What the organizers did accomplish was some skilled (read manipulated) agenda-setting and box-ticking for the main programme’s half-baked keynote delivered by Dr Sean Jacobs, who parachuted in from New York to deliver an uneven address on the subject while claiming that Wikimania had done its homework on apartheid memory.

Witness Jake Orlowitz a Wikimania volunteer being interviewed by a clueless volunteer who ends her interview by stating:  “you did all my work for me, I don’t even have to ask any follow up questions”.

The podcast is a nothing less than a puff piece for the closed-door fiasco, in which local activists were not informed by organisers that the event was being co-located by Wikimania, on an international programme held in Cape Town, which will be remembered for its failure to include a single session on apartheid memory. 

Ditto Rhodes Must Fall.

Attendees were then bussed to Robben Island, and sites in D6 and local townships, without bothering to create a safe space for the very persons affected by apartheid separate development, and the latest round of academic exclusions on the nation’s campuses, nor given any other opportunity to air their views on the subject.

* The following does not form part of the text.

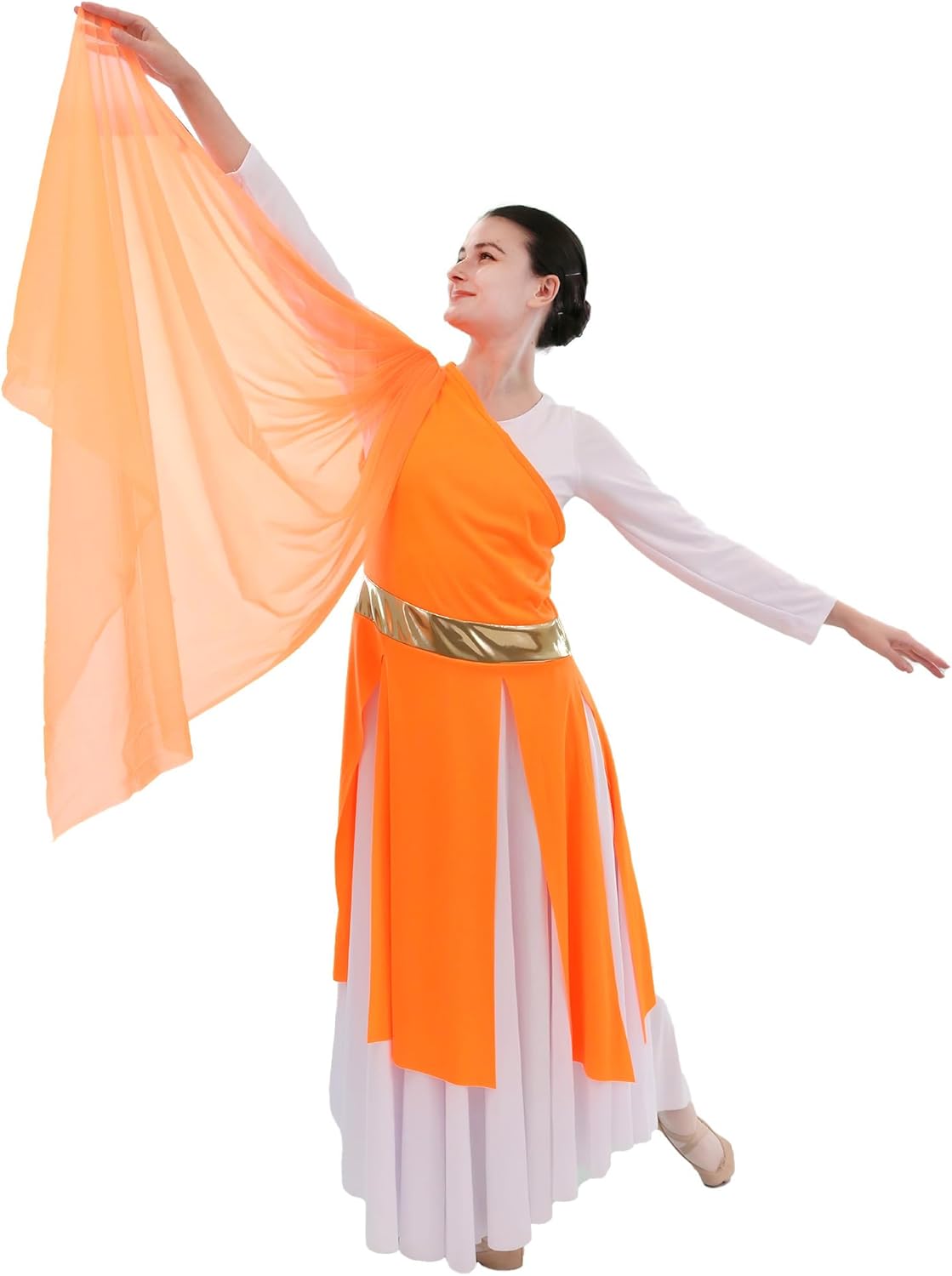 Danzcue Womens One-Shoulder Praise Dance Tunic with Graceful Shoulder Sash, Praise Dance Overlays and Tunic for Women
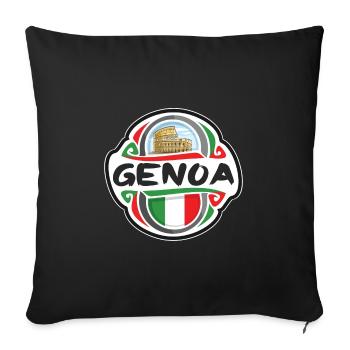 Gênes Italie Drapeau Badge Voyage Souvenir Timbre - Housse de coussin décorative 45 x 45 cm - noir - Devant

Orlowitz, much like so many megaphoned and amplified ‘male allies’ in the global women’s movement, proceeds to hog a debate on issues to do with developing world invisibility and ‘your’e not welcome’ implicit race bias, acknowledges its a ‘middle class hobby’, touches on issues to do with representation, in an 11 minute podcast published by ‘WhoseKnowledge‘ the apparent backers of the pre-conference.

Startling in that the obviously ‘white privileged male’  without a hint of irony, goes on to say ‘Wikipedia [is] struggling with inclusion’, ‘consistantly white men from the global North who do well .., and often who don’t see a problem’, “it’s not me, I’m not a part of it”.

Orlowitz claims his role is one of ‘using his privilege to raise awareness’ then bizarrely proceeds to speak on behalf of ‘folks who were born native and privileged’ as well as those who are ‘excluded from the system [but] ‘who carry so much knowledge’, before admitting, “I don’t even know what is missing”.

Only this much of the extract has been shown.